Problem to work on: From the material below, return every line that includes "Compaitble".

Excerpted data:
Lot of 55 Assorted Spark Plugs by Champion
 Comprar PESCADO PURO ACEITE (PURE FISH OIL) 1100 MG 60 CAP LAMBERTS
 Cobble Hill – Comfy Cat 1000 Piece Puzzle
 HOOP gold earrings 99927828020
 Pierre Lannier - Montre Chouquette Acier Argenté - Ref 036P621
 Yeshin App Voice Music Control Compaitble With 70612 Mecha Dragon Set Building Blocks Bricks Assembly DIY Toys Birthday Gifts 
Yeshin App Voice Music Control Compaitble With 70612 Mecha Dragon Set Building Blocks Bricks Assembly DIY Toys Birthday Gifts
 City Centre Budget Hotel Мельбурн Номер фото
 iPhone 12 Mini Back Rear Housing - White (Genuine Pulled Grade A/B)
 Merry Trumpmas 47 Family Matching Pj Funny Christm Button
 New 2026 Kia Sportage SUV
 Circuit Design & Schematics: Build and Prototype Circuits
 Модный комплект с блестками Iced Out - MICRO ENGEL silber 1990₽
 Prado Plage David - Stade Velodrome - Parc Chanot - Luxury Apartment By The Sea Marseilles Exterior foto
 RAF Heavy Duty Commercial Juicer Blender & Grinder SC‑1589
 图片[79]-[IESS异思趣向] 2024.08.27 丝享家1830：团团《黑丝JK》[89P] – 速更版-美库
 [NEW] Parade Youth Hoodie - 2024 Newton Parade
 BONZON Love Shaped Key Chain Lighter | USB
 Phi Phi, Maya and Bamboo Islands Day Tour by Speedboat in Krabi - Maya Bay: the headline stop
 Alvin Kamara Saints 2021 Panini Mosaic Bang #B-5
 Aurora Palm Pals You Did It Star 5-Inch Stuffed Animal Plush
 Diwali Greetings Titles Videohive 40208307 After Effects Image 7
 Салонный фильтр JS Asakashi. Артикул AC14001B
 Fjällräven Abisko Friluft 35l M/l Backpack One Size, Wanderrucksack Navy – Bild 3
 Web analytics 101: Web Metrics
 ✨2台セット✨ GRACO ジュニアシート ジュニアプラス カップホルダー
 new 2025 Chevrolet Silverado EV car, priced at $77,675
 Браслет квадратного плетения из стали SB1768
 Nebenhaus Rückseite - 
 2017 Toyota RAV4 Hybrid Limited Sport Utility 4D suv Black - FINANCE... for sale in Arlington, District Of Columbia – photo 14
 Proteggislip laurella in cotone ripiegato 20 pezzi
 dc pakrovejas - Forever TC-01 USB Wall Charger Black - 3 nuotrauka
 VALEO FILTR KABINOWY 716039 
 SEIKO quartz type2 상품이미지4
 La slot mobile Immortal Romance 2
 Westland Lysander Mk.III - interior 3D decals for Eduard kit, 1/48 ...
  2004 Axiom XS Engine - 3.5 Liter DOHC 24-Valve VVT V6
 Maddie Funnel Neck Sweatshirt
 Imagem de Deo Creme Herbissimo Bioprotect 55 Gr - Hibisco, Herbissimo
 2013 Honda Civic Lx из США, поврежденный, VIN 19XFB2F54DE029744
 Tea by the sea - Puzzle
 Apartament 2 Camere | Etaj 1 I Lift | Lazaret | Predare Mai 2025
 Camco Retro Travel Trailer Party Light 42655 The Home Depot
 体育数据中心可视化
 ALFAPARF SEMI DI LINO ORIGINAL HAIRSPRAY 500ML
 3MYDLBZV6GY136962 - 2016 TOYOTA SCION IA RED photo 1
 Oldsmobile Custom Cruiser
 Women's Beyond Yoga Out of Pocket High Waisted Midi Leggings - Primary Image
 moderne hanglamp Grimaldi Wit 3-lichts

Result for this exercise:
 Yeshin App Voice Music Control Compaitble With 70612 Mecha Dragon Set Building Blocks Bricks Assembly DIY Toys Birthday Gifts 
Yeshin App Voice Music Control Compaitble With 70612 Mecha Dragon Set Building Blocks Bricks Assembly DIY Toys Birthday Gifts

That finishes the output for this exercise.